• Task to carry out:
Each record that comes next should be output exactly; pictures do not belong in the copy.
——————————
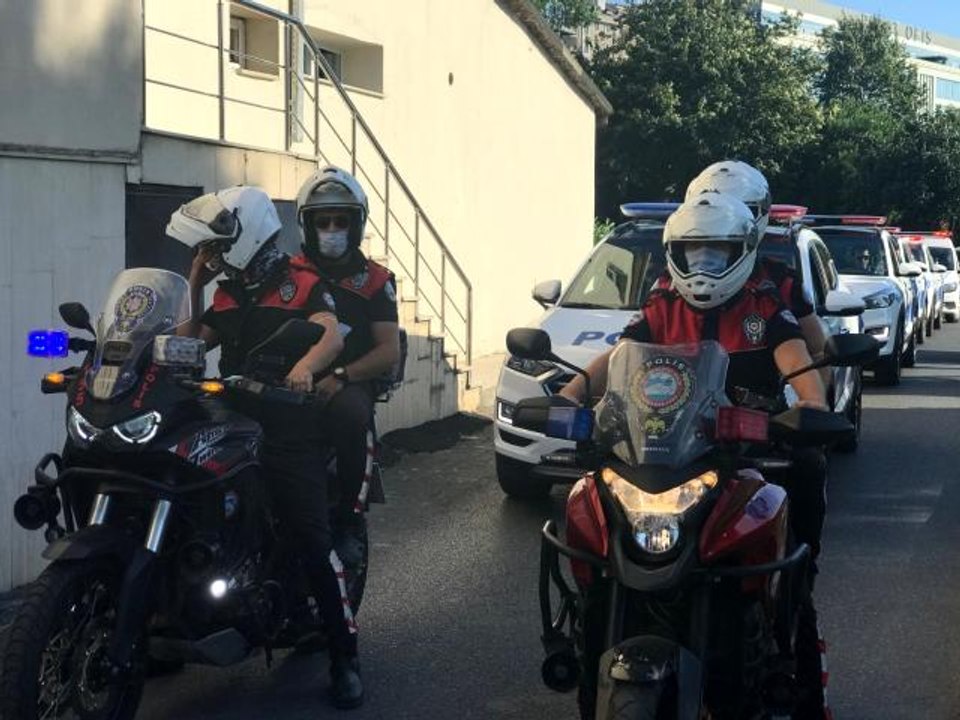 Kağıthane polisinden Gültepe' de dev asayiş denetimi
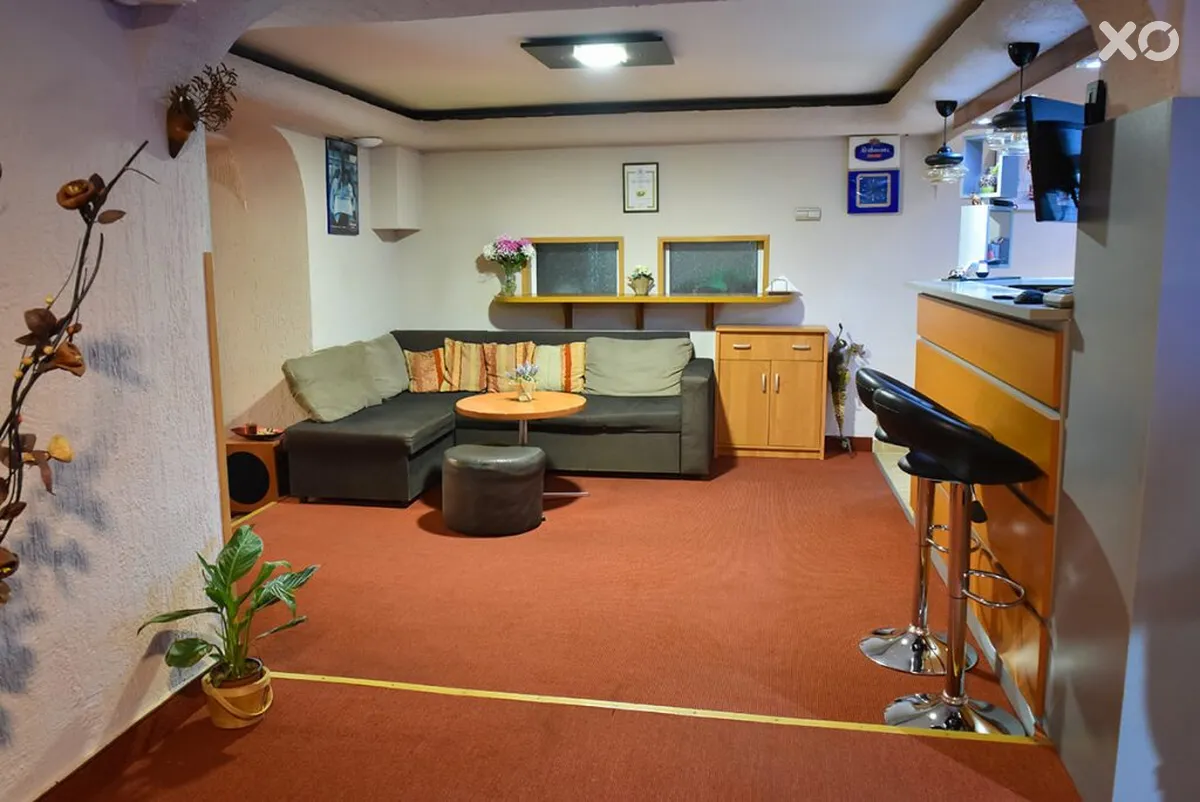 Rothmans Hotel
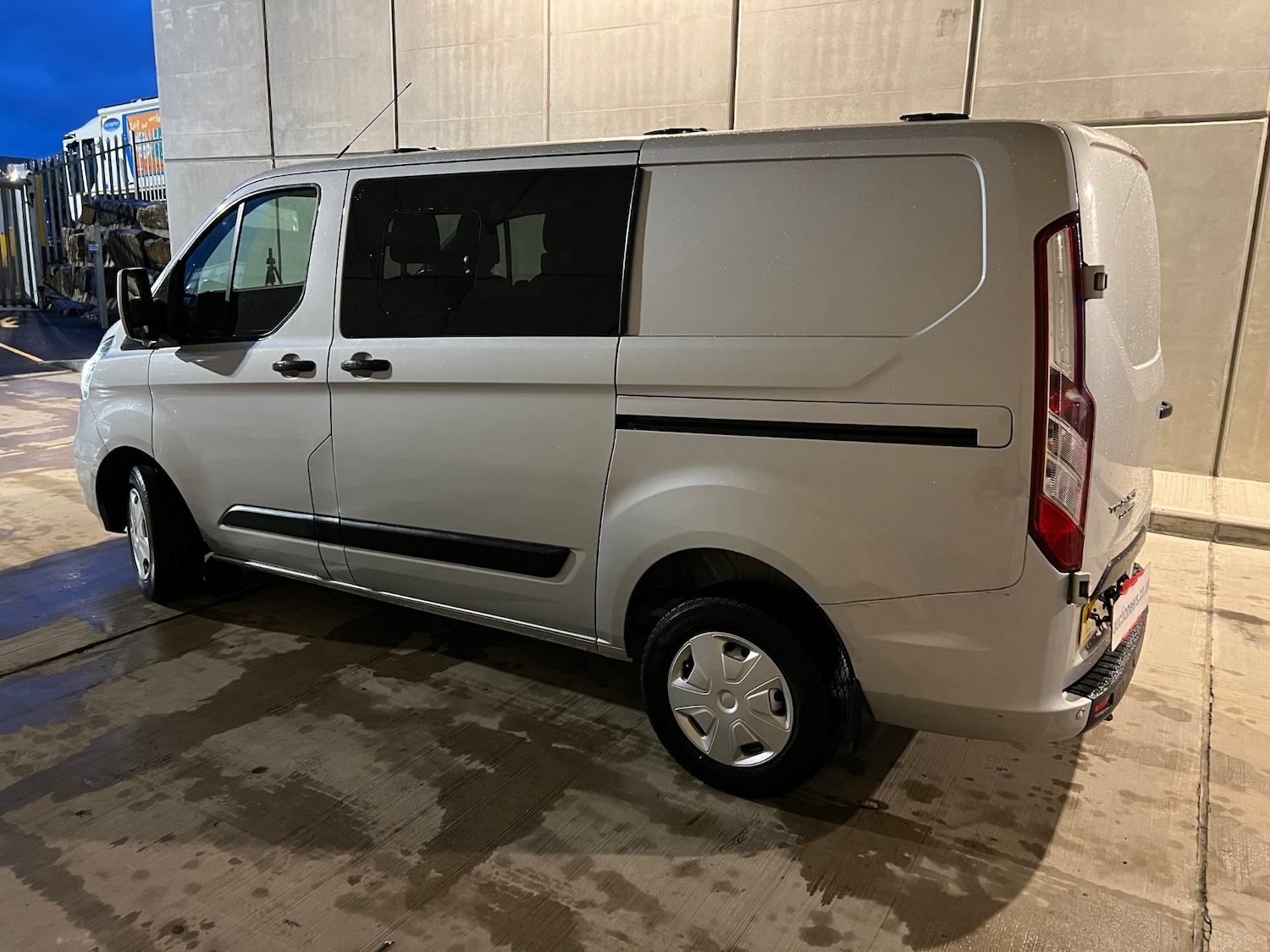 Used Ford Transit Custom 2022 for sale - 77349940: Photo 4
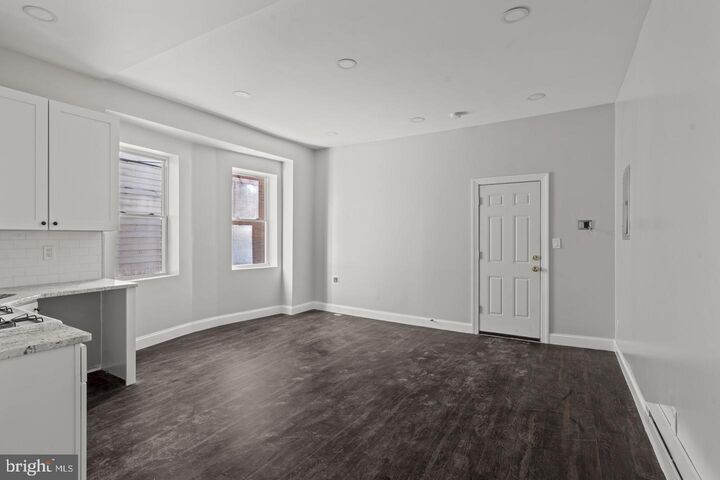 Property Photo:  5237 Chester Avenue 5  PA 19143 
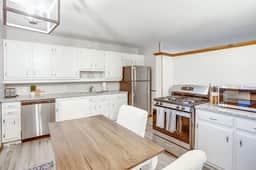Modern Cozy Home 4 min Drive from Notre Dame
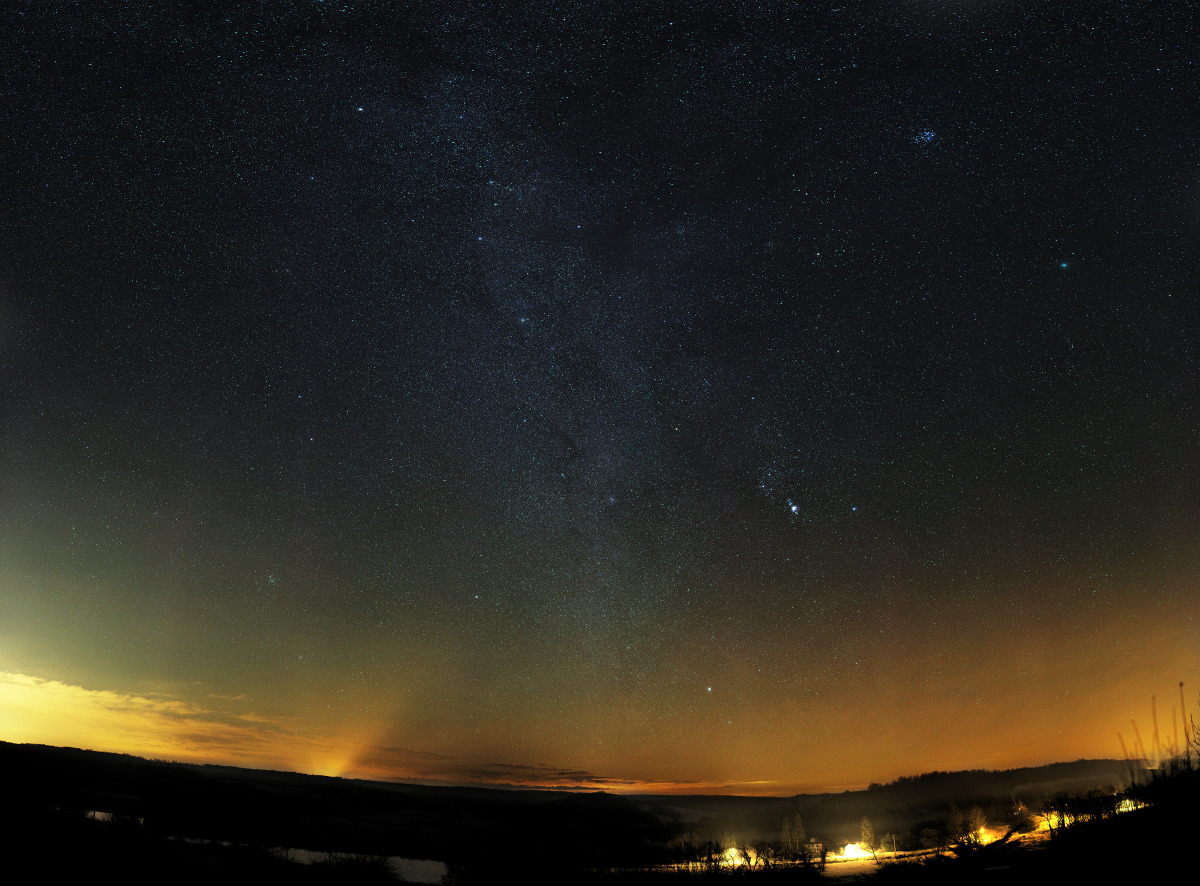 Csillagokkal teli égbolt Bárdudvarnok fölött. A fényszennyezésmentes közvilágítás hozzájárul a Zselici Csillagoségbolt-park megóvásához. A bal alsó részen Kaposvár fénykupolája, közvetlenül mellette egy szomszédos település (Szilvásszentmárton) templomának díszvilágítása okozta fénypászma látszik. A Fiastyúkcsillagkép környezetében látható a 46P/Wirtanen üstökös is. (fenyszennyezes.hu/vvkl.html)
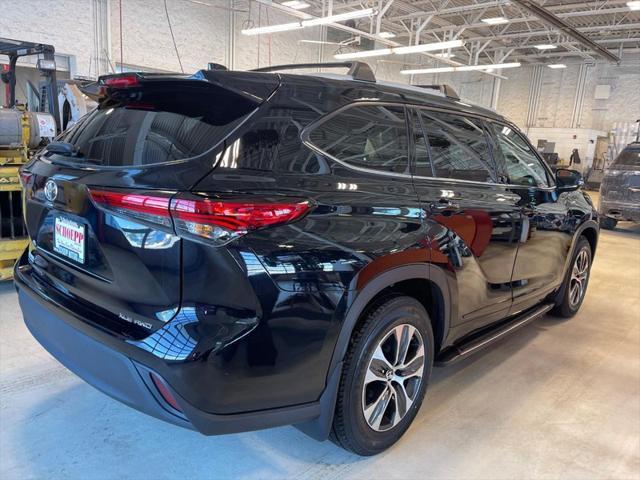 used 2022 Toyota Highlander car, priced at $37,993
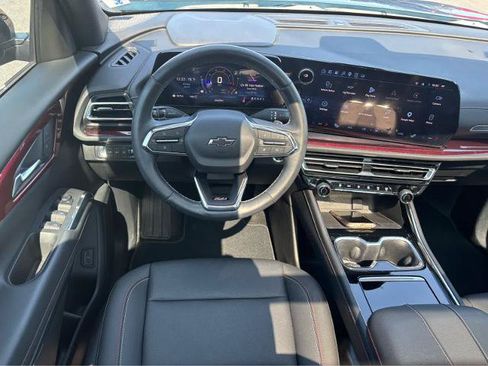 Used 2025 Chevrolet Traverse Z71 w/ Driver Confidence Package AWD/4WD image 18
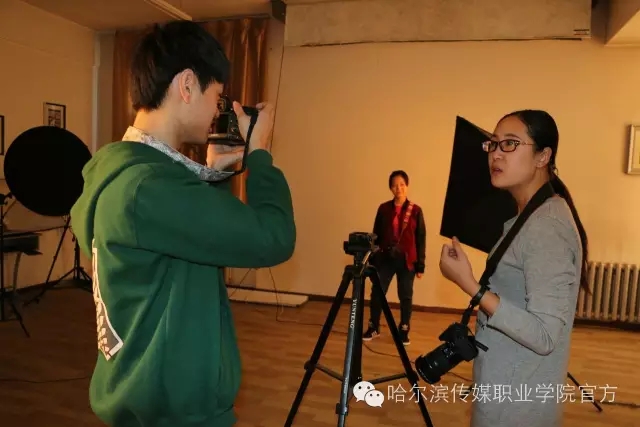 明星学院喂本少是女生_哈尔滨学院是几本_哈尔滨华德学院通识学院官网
——————————
• Solved problem:
 Kağıthane polisinden Gültepe' de dev asayiş denetimi
 Rothmans Hotel
 Used Ford Transit Custom 2022 for sale - 77349940: Photo 4
 Property Photo:  5237 Chester Avenue 5  PA 19143 
Modern Cozy Home 4 min Drive from Notre Dame
 Csillagokkal teli égbolt Bárdudvarnok fölött. A fényszennyezésmentes közvilágítás hozzájárul a Zselici Csillagoségbolt-park megóvásához. A bal alsó részen Kaposvár fénykupolája, közvetlenül mellette egy szomszédos település (Szilvásszentmárton) templomának díszvilágítása okozta fénypászma látszik. A Fiastyúkcsillagkép környezetében látható a 46P/Wirtanen üstökös is. (fenyszennyezes.hu/vvkl.html)
 used 2022 Toyota Highlander car, priced at $37,993
 Used 2025 Chevrolet Traverse Z71 w/ Driver Confidence Package AWD/4WD image 18
 明星学院喂本少是女生_哈尔滨学院是几本_哈尔滨华德学院通识学院官网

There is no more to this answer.